Dimitri’s wife, Christina, was beautiful and vacuous. She shopped and entertained for a living. A disturbing Greek version of myself. Andrew expected me to sit with these people night after night talking about nothing. All the while the boredom and fear of desiccating into shrivelled Mediterranean olive ate away at my subconscious, smudging out what was left of me, particle by particle, causing my brain to collapse into itself like a space-time wormhole through which I slid and emerged in a parallel universe. A universe where it was no longer necessary to think or even exist, just to drift along in Andrew’s slipstream.
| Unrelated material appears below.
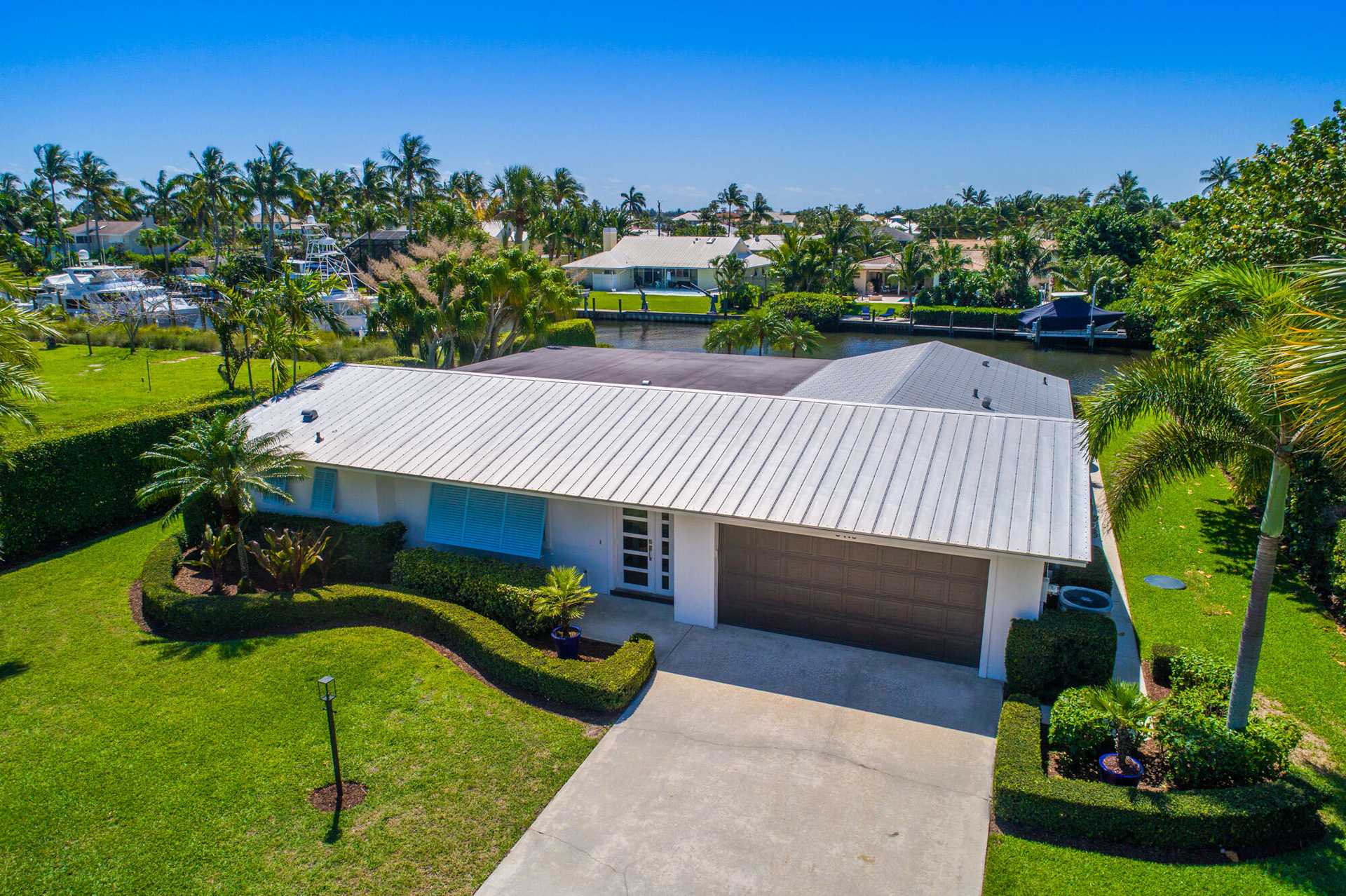 House in Hobe Sound, 8418 Southeast Coconut Street 11683352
A ribbon of fragrance that trailed in the air behind him.

Andrew would vehemently have denied such an accusation if I’d ever found the courage to raise it with him, because Andrew prided himself on being a card-carrying feminist. He’d read all the literature and felt it was important to think progressively whilst behaving like a medieval laird at home.
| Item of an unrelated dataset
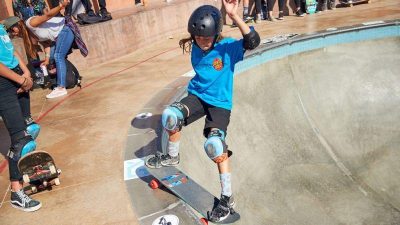 girlskateboard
At the end of July, he abandoned me in Iraklia to house-hunt. He had an important series of meetings in Brussels to attend and since it was ‘all agreed’ we were definitely buying, it was left to me to find a suitable abode. His instructions were clear:

West-facing.

Sea view.

Close enough to the Chora to be able to walk in for dinner.

Not so close as to be disturbed by late-night revellers.

Three to four bedrooms.

Two bathrooms.

So, not much to ask for.

After he’d gone, the Meltemi blew in from the north-east and battered the island remorselessly for seven days. My skin withered and shrivelled under its relentless onslaught. I started applying a layer of petroleum jelly as a barrier to lock in whatever moisture remained in my shrunken face. Now I looked like a shiny, white, cadaverous mummy.

Every night I’d scan the mirror for signs of damage. The line between my eyebrows that I’d botoxed before I left (another small triumph for Bridgette) was starting to re-emerge.

Ghastly stuff Botox. My friend Rene assured me it was just a gentle plumping of the skin with a product found in nature, but I Googled it and found out it was a concoction of vile toxins harvested from the Clostridium Botulinum bacteria, in other words Botulism - an illness so dangerous that each case is considered a public health emergency. By that stage my face was becoming a public health emergency, so I decided to go ahead with it anyway. Even though I was totally revolted and morally opposed, by then the line on my forehead was starting to resemble the Bristol Channel, so I had no choice. As I lay on the dentist’s chair – yes, unbelievably Dr Katz my dentist administered the shots – I could picture the poisons seeping towards my neuromuscular junctions and immobilising the acetylcholine chemical messengers. (As usual I had done way too much research). But hey-ho, if botulism was strong enough to paralyse a man, then it was good enough to paralyse my face.

The effects were remarkable, but sadly only lasted a few months. Rene suggested collagen implants, but I went right off that idea after I found out on Google that the Chinese were exporting human collagen extracted from dead convicts. Definitely a step too far.